◆ YOUR INSTRUCTIONS
Work through the records below and tally every line containing "Lease". Reply with the total alone.

****************

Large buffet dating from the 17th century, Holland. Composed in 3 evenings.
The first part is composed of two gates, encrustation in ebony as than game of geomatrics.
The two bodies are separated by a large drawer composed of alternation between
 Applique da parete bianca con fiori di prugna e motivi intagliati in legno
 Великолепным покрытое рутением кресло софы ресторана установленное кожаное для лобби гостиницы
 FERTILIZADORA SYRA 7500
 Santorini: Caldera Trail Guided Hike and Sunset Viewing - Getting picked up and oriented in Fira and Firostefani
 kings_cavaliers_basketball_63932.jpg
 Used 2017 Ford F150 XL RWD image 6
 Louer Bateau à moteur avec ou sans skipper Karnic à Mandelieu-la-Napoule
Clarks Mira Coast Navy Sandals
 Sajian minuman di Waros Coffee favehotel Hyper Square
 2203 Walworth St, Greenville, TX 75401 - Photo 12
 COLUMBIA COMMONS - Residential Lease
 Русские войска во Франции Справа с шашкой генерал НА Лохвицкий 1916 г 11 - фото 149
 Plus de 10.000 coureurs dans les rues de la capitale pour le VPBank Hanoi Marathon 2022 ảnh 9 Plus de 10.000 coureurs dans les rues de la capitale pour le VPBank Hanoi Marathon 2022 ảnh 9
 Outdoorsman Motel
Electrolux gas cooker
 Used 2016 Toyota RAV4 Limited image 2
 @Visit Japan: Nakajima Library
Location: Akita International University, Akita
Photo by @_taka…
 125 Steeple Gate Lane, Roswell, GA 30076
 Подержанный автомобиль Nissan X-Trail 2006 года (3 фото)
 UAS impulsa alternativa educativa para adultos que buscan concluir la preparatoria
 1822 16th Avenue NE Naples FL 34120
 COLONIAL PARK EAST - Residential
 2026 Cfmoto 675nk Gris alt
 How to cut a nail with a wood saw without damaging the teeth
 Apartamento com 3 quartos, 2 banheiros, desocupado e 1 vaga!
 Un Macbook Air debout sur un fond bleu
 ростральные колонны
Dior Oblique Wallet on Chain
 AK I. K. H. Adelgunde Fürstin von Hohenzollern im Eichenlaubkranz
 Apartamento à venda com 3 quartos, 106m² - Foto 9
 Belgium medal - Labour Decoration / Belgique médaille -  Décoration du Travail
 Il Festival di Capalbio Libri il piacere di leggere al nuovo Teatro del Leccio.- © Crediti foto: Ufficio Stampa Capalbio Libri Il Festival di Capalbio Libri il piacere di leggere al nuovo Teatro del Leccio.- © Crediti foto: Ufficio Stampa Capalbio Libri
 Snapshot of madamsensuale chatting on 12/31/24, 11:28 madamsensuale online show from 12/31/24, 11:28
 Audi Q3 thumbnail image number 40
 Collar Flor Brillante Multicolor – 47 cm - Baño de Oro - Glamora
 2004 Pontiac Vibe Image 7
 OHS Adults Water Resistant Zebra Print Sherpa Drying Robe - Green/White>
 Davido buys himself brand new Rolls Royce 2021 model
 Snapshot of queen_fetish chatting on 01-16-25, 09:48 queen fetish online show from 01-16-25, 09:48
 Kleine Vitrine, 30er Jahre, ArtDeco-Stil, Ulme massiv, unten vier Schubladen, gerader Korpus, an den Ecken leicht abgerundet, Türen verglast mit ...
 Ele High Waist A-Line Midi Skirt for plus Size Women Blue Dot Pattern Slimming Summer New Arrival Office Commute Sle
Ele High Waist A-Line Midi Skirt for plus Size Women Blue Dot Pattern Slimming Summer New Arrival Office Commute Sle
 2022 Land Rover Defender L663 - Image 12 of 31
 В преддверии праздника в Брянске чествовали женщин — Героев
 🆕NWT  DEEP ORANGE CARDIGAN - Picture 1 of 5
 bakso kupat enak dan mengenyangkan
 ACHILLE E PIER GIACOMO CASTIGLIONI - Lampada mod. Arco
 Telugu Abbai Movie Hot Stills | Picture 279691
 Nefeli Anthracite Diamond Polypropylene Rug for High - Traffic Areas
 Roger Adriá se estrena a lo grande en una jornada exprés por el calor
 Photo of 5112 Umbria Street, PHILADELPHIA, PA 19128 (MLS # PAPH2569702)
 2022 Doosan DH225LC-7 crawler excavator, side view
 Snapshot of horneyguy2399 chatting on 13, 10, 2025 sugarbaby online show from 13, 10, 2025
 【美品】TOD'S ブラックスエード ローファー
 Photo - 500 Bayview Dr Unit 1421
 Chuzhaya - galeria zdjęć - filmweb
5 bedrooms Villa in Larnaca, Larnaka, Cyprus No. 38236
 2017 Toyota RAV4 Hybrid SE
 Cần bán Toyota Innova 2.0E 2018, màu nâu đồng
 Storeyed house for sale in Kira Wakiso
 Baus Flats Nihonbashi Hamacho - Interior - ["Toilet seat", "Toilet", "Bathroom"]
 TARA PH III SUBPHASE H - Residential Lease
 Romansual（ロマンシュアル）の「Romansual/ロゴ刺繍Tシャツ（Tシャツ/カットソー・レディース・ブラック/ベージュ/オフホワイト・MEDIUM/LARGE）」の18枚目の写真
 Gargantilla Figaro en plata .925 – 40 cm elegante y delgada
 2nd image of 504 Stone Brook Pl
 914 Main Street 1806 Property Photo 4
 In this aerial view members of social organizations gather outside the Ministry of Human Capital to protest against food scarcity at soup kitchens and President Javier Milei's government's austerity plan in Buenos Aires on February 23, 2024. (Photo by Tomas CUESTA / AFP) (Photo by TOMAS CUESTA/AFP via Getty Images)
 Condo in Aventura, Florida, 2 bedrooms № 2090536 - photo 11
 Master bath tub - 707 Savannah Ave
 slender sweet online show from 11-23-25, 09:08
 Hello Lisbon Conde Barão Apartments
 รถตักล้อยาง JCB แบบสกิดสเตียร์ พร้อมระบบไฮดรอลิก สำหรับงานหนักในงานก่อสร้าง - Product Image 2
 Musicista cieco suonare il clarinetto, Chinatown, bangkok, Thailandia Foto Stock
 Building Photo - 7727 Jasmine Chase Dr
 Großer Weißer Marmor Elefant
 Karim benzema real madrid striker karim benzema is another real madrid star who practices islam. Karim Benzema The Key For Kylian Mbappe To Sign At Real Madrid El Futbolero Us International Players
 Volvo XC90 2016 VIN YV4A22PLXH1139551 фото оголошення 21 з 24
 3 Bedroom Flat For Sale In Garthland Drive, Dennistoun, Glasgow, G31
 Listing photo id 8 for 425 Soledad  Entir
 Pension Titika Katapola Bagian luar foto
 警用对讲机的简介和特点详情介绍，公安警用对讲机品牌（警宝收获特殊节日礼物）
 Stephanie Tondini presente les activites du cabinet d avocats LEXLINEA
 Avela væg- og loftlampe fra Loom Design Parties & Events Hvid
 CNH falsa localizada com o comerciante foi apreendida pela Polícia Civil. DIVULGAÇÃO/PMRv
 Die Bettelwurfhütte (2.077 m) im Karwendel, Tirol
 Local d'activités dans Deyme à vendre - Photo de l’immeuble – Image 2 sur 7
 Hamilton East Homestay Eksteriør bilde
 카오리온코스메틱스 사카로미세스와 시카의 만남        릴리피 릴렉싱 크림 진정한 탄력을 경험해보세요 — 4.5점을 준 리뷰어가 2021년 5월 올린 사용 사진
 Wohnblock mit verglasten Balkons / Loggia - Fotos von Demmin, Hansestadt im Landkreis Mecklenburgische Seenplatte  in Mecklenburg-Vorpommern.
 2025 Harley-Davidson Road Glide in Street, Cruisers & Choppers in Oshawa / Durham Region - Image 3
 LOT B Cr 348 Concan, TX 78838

****************

◆ WRITTEN REPLY
2